The basic steps are described as following:
-
Define the PodiumApp parameters. Basically, you need to put in the host name and port where podium is installed. Change the app user name, password and etc. PodiumApp = dict( hostname="", port="8080", app="podium", appuser="", apppasswd="!", database="podium_md", dbuser="postgres", dbpasswd="pwd" )
-
Start REST Session and login to Podium App by using 'startRestSession(PodiumApp)'
-
Get S3 bucket handler by using ‘getS3Bucket'
-
Get the single entity ID for Adobe Audience Manager by using 'getEntityId'. Currently, one has to provide the entity source ID in order to get the entity id or a list of entity IDs. Getting entity source ID cannot be automated because there is no such Podium APIs that support it. Simple Postgres SQL can be used to obtain entity source id. For example, the follwoing SQL command will return every details about the entity:
select *
from podium_core.pd_entity pe
join podium_core.pd_source ps
on ps.nid = pe.source_nid
where pe.sname = 'Adobe_Audience_Manager'
and pe.entity_type = 'EXTERNAL';
-
Get the multiple entity ID list for Adobe Audience Prep by using 'getEntityList'
-
Since S3 does not provide an ‘event’ mechanism, we need to polling the list of S3 bucket to see if there is new data with the latest hour time stamp comes in.
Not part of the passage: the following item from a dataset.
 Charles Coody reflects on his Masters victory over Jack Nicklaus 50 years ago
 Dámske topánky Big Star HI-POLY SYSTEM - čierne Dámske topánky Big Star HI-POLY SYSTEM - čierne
This is a continuous polling mechanism and the frequency of the polling delay should be set.
-
If new data comes in, then we should update the src.file.glob property for the entity and load the new data. Use ‘updateEntityProp’ to update the property and use ‘updateEntity’ to load new data in the entity.
-
Since data loading to entity takes a couple of minutes depending on the data size, we need to wait the data loading finished then proceed to the next step. Use ‘checkLoadFinishedForEntity’ to check the loading progress.
-
Run the HIVE scripts within python context by using
os.system(‘hive -f hiveScriptName.sql')
-
Load data for Adobe Audience Prep by using ‘updateEntityList’ since Adobe Audience Prep has a list of entities.
-
Again, wait the data loading until it’s finished.
-
This will conclude a whole cycle of AAM data preprocessing. Wait for the polling delay and enter the next checking cycle.